Activity — Each line of the entries, from the first to the line containing "Orange Woven Organza Saree With Tassels", is to be transcribed exactly as it stands; include no other lines.

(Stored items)
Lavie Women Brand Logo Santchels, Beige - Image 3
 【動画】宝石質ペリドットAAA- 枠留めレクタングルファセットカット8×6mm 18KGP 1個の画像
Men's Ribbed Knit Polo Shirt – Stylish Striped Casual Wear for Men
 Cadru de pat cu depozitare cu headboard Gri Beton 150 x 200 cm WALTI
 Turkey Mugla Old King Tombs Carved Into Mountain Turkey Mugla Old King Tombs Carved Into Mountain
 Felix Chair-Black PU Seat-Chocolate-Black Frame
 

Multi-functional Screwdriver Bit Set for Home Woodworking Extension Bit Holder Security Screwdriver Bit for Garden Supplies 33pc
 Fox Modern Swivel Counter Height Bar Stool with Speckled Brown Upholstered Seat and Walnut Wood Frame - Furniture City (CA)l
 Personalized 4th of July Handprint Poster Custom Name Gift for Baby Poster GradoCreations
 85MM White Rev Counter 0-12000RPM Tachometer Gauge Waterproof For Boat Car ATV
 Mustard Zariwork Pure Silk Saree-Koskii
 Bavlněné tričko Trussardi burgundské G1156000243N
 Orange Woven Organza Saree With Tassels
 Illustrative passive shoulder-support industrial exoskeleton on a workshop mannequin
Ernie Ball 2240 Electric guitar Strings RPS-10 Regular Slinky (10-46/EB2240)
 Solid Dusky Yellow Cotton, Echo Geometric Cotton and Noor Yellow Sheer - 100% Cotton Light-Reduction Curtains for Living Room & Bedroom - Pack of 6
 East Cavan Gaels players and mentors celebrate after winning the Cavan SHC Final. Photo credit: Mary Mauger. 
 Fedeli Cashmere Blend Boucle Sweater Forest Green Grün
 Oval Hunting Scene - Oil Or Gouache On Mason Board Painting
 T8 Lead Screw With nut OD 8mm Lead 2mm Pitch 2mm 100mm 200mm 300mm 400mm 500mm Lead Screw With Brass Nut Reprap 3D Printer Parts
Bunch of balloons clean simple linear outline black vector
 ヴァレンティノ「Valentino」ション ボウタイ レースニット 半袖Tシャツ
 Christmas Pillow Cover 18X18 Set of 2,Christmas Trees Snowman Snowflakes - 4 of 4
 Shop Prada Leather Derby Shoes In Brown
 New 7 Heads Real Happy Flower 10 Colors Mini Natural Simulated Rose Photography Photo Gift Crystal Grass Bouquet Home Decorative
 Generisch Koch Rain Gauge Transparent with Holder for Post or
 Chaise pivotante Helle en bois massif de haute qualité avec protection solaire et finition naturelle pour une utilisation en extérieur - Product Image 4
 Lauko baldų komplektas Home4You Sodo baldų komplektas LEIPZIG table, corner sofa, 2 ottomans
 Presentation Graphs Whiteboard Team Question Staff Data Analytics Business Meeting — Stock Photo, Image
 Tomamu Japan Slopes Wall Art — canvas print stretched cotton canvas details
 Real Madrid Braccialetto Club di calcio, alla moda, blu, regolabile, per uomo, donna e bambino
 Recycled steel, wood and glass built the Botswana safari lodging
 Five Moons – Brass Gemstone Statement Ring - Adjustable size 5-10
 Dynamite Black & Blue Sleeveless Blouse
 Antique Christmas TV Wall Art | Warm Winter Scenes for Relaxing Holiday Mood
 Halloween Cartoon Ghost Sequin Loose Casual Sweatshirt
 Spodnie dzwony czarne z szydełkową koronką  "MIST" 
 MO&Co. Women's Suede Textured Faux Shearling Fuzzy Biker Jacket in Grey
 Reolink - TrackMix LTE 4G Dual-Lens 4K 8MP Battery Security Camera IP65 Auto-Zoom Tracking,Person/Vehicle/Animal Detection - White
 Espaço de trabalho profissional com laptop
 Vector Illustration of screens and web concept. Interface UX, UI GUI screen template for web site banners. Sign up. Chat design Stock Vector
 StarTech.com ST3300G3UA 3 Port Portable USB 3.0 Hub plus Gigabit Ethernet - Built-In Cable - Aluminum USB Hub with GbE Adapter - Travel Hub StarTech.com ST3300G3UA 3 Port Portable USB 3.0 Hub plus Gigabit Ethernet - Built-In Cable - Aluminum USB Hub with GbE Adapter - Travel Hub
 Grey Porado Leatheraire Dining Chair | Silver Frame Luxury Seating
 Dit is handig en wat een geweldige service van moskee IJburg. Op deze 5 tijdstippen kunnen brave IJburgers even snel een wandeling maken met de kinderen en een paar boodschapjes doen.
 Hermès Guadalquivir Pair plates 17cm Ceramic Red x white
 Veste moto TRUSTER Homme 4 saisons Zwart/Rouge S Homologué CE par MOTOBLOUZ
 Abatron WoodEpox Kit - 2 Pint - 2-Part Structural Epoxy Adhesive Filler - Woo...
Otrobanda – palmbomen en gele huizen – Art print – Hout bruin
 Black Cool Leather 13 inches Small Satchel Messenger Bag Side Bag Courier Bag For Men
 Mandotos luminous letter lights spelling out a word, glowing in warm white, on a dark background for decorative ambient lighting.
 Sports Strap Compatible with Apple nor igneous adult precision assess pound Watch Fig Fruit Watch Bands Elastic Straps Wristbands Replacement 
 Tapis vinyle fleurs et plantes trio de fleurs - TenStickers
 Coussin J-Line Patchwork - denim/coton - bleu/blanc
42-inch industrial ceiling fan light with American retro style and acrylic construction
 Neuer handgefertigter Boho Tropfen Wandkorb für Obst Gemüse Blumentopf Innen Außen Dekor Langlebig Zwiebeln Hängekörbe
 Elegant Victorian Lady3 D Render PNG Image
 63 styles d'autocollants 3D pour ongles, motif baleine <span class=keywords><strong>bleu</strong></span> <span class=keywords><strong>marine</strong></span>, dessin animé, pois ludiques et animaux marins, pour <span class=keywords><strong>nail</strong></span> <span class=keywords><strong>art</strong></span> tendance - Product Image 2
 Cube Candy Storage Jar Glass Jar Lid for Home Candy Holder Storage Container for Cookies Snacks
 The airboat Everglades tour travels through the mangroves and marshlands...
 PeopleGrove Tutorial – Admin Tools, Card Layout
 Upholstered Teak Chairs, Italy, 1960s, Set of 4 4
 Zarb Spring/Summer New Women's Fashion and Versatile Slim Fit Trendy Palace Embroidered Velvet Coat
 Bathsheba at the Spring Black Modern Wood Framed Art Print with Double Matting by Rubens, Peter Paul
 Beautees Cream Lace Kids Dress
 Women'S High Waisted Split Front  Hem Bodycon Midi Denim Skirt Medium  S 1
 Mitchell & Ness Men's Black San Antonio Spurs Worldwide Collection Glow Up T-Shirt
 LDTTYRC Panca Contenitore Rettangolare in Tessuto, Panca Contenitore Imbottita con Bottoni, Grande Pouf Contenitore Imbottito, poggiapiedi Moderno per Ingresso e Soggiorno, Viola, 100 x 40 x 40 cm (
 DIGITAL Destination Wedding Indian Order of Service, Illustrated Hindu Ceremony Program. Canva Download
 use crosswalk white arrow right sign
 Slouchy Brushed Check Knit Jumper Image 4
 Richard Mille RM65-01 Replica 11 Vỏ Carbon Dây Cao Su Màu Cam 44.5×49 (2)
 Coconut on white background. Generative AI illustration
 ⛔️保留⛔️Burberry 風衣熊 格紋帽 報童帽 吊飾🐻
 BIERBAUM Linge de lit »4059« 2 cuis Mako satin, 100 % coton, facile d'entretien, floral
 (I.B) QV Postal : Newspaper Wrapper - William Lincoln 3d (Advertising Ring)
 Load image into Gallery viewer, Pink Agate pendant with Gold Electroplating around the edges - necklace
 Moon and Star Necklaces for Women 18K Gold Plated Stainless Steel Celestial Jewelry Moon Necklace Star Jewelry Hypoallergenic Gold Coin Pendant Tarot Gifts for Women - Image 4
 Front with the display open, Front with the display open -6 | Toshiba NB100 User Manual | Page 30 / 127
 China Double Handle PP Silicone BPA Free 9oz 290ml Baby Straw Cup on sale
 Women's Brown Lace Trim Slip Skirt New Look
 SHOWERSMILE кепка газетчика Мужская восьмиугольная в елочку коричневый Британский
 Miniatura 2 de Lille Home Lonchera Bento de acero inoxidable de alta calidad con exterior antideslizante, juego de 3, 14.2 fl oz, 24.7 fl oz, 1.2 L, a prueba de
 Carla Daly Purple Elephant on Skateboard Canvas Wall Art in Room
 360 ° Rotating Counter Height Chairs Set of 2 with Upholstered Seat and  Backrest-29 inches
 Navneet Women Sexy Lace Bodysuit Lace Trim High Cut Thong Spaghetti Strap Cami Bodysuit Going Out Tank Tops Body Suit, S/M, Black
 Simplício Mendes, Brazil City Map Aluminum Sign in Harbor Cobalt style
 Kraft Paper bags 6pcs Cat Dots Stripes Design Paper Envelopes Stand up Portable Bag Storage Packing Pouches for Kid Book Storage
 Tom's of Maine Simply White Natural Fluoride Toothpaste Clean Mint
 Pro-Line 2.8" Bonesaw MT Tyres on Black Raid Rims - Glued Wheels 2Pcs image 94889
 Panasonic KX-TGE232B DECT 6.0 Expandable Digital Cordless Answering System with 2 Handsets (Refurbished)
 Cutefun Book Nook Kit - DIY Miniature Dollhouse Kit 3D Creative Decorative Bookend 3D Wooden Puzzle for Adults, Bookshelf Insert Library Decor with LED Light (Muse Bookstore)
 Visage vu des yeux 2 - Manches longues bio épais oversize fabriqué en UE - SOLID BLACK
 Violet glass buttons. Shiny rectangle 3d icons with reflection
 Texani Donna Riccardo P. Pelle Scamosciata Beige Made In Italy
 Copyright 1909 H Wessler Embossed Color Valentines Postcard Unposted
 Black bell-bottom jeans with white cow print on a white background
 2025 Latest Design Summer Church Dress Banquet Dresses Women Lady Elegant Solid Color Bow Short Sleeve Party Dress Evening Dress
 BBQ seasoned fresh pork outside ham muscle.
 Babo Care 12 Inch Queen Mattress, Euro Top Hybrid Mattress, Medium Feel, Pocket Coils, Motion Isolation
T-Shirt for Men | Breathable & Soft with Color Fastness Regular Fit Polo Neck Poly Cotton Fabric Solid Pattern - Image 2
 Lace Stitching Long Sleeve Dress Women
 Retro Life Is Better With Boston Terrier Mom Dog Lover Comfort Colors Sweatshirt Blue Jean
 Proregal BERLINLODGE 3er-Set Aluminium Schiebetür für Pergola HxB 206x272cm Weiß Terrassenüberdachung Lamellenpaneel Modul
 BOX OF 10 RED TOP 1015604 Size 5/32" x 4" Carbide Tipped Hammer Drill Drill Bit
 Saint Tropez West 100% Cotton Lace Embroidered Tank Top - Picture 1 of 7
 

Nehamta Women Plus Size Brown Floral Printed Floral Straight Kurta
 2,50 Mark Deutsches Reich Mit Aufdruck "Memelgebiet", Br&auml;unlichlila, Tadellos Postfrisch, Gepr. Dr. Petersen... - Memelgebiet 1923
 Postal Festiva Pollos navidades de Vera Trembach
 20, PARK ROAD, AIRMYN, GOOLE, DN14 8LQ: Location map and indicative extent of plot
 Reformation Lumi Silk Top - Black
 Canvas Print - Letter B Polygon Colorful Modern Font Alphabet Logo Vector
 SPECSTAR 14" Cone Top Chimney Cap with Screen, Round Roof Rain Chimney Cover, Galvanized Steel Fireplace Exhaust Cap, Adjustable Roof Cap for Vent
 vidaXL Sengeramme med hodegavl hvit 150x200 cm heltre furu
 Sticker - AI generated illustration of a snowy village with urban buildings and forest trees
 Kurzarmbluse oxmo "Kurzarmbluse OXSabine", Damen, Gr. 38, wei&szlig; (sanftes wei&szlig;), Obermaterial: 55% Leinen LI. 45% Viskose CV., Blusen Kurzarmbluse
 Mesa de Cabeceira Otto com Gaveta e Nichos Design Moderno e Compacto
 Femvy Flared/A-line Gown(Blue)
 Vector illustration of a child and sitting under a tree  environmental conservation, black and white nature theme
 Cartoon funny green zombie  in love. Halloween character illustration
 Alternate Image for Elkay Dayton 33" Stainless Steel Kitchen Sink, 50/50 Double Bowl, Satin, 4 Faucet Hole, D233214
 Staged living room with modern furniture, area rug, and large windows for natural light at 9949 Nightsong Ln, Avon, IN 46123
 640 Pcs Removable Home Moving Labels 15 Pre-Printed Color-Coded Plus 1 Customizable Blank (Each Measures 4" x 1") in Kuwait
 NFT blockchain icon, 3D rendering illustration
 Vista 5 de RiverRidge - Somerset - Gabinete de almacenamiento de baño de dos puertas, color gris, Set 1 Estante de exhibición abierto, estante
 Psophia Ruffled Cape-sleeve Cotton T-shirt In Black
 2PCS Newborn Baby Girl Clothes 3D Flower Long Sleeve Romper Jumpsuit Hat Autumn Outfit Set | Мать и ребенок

Reply to the exercise —
Lavie Women Brand Logo Santchels, Beige - Image 3
 【動画】宝石質ペリドットAAA- 枠留めレクタングルファセットカット8×6mm 18KGP 1個の画像
Men's Ribbed Knit Polo Shirt – Stylish Striped Casual Wear for Men
 Cadru de pat cu depozitare cu headboard Gri Beton 150 x 200 cm WALTI
 Turkey Mugla Old King Tombs Carved Into Mountain Turkey Mugla Old King Tombs Carved Into Mountain
 Felix Chair-Black PU Seat-Chocolate-Black Frame
 

Multi-functional Screwdriver Bit Set for Home Woodworking Extension Bit Holder Security Screwdriver Bit for Garden Supplies 33pc
 Fox Modern Swivel Counter Height Bar Stool with Speckled Brown Upholstered Seat and Walnut Wood Frame - Furniture City (CA)l
 Personalized 4th of July Handprint Poster Custom Name Gift for Baby Poster GradoCreations
 85MM White Rev Counter 0-12000RPM Tachometer Gauge Waterproof For Boat Car ATV
 Mustard Zariwork Pure Silk Saree-Koskii
 Bavlněné tričko Trussardi burgundské G1156000243N
 Orange Woven Organza Saree With Tassels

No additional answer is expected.